Aim of the task: Your answer should be the lines below from the one with "惠仁配资官网 西部材料等成立新公司 含有色金属铸造业务" to the one with "The sound has", both included, given again exactly and with nothing added.

Data excerpts:
□ □ □

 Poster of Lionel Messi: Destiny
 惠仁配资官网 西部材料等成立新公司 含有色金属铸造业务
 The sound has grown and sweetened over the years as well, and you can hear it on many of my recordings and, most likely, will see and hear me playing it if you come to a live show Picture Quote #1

□ □ □

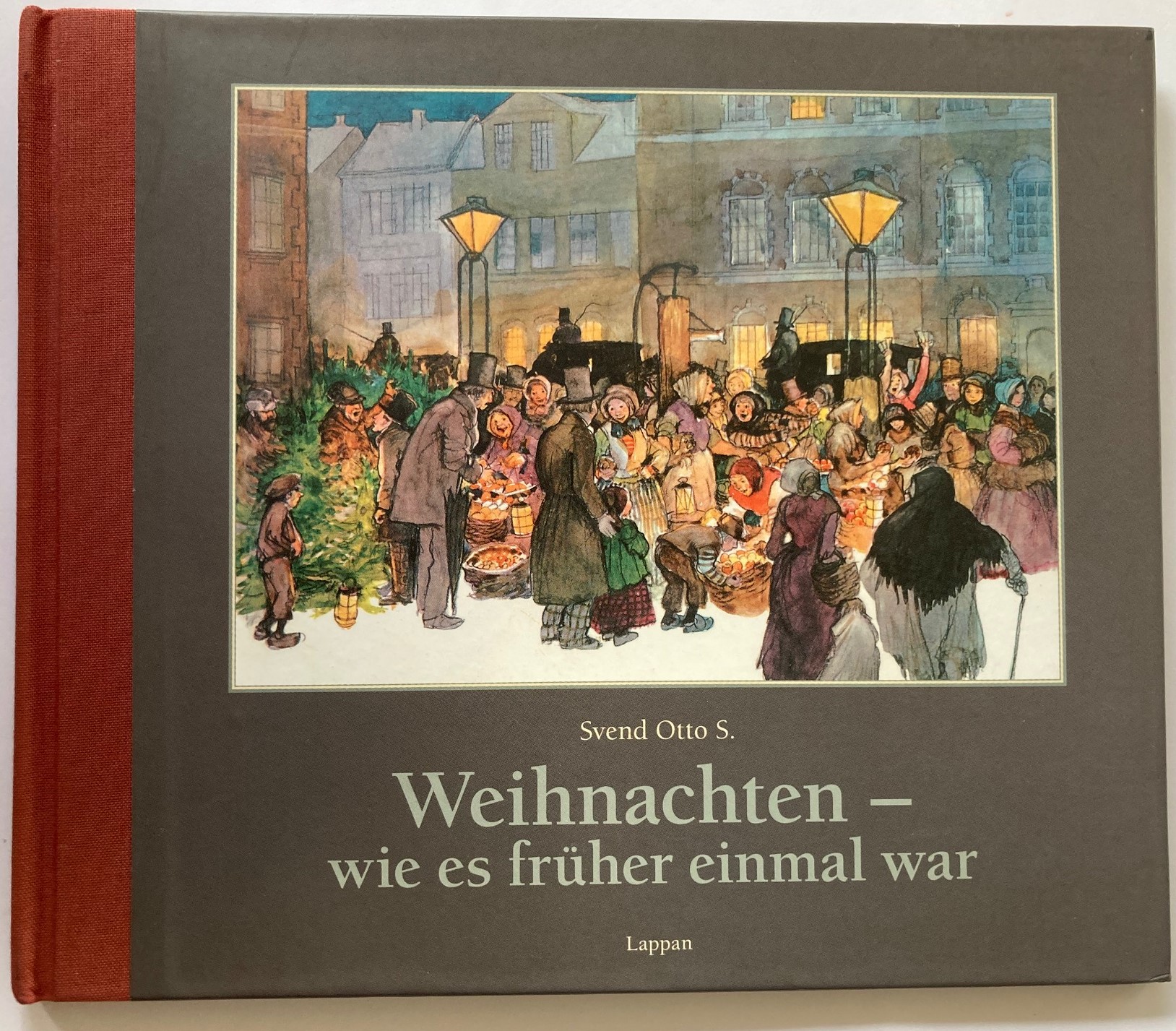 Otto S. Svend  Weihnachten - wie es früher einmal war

□ □ □

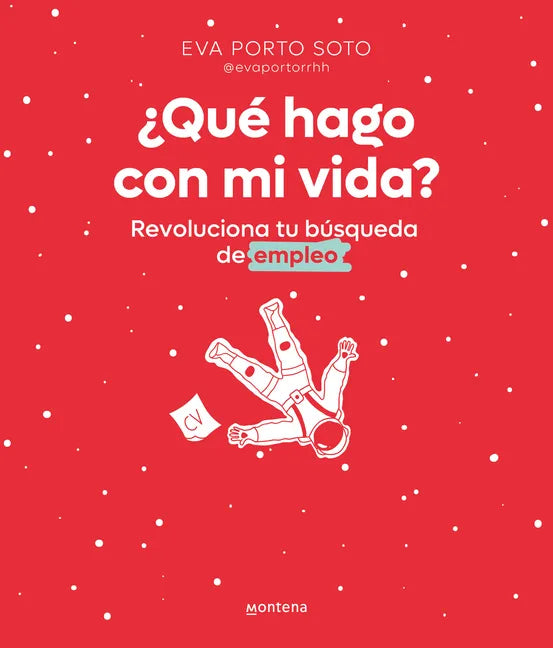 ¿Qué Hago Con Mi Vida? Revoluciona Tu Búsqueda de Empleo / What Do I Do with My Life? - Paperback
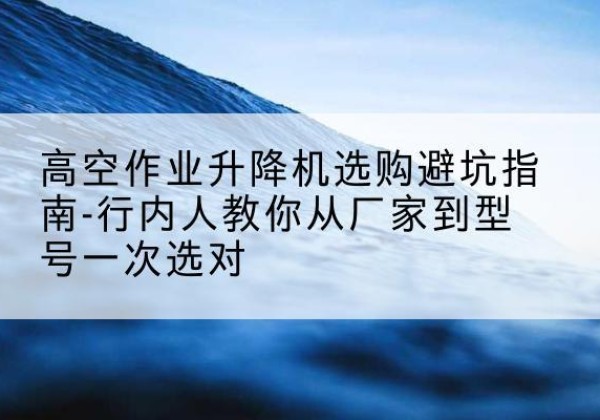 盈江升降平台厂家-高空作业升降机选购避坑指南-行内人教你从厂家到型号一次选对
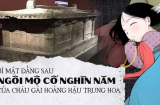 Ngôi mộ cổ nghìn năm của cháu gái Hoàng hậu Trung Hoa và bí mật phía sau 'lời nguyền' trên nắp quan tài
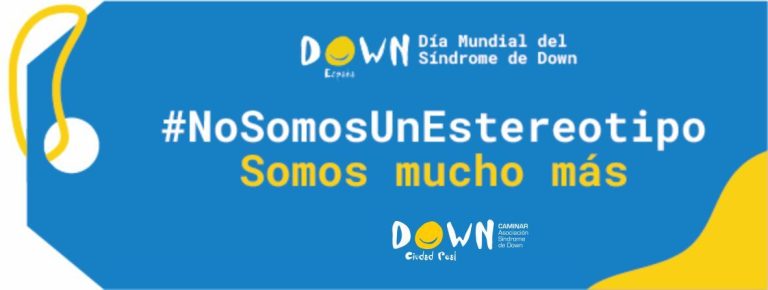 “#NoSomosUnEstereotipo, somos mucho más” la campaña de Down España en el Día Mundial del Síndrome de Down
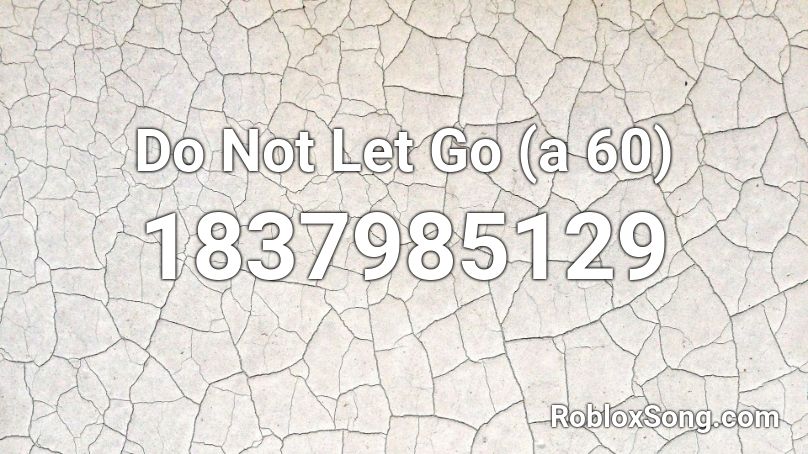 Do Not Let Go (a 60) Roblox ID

□ □ □

Answer for the task:
 惠仁配资官网 西部材料等成立新公司 含有色金属铸造业务
 The sound has grown and sweetened over the years as well, and you can hear it on many of my recordings and, most likely, will see and hear me playing it if you come to a live show Picture Quote #1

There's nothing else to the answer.